The definitive management of SMH depends on the haemodynamic stability of the patient, the size of the haematoma, evidence of active bleeding, and complications such as infection or mass effect. Conservative management can be considered in stable patients who are asymptomatic or have relatively small haematoma. Repeat imaging should be performed at a later interval to rule out complications and look for resolution of the haematoma.(1,5) The classical intervention is surgery to evacuate haematomas and achieve haemostasis.(6) However, care should be taken during induction and upon initial incision, as sudden loss of tone and decompression can precipitate cardiovascular collapse, as in Case 1. Preparation should be similar to that required for ruptured aortic aneurysm, whereby close communication with the anaesthetist is necessary. The surgeon should be gowned and ready, and the patient’s abdomen should be prepped before induction of anaesthesia, with plans for clamping of aorta in the shortest possible time in case of cardiovascular compromise. At present, angioembolisation is an alternative to achieve haemostasis. In particular, angioembolisation should be considered in patients with evidence of active bleeding but without complications such as infection. However, successful angioembolisation surgery may still be warranted if complications such as infection of haematoma or bowel ischemia develop later.(2) While the patient in Case 2 may have benefited from IR intervention as opposed to laparotomy at the outset, the lack of a ‘blush’ on the CT image to guide the proceduralist as to which vessel to intervene on may lead to higher rates of failure and also a potentially longer procedure. On hindsight, the unhealthy colon that was not observed on CT imaging would have eventually perforated and necessitated a laparotomy.

Complications that can arise from spontaneous mesenteric haematoma include partial or complete bowel obstruction, bowel ischaemia secondary to compromised blood supply within the mesentery,(7,8) and infection of haematoma.

In the first case, angioembolisation rather than surgery was performed, although the initial intent was exploratory laparotomy. However, experiencing a cardiovascular collapse on table prior to surgery rendered the surgery high risk. In this case, adoption of principles of damage control surgery with abbreviated surgical procedures limited to haemorrhage control and correction of physiological derangements of acidosis and coagulopathy becomes a priority. In most cases, safe surgical principle dictates an upfront surgical intervention rather than angioembolisation for patients in extremis. In this case, a decision was made to proceed with on-table angioembolisation instead of surgery, as the patient had already suffered a cardiovascular collapse, likely owing to loss of tone upon induction. Persisting with laparotomy would likely have had a catastrophic effect, with loss of tamponade effect caused by decompression of the haematoma during laparotomy.

In the second case, the site of bleeding was identified preoperatively on imaging. Laparotomy was performed to stop the bleeding that was causing a hypovolaemic shock, which was only transiently responsive to fluid. Laparotomy has the additional benefit of allowing the large blood clot to be evacuated to reduce the chance of secondary clot infection and allow bowel complications to be assessed.

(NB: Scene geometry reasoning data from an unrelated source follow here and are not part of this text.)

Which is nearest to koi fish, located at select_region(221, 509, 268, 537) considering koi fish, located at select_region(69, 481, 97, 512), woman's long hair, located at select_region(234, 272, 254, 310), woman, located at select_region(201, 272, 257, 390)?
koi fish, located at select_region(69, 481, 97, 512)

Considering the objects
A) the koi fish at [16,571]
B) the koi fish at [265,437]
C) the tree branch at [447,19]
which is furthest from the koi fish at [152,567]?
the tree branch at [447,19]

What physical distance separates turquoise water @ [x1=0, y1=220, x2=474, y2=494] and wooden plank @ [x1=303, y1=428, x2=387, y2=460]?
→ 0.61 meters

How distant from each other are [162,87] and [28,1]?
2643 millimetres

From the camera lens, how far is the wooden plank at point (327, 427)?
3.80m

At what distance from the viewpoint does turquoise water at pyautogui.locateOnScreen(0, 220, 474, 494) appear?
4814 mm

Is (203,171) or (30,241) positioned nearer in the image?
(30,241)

In this case, the splenic flexure colon was unhealthy and had to be resected in the same setting.

In conclusion, spontaneous mesenteric haematoma is a rare but serious clinical condition that should be considered in a patient on anticoagulants who presents with acute abdominal pain. The use of anticoagulants increases the risk of persistent bleeding and haematoma expansion. Hence, early interventions with surgery or angioembolisation should be considered in unstable patients. Stable patients who are suitable for conservative management should be closely monitored for delayed complications or haemodynamic compromise.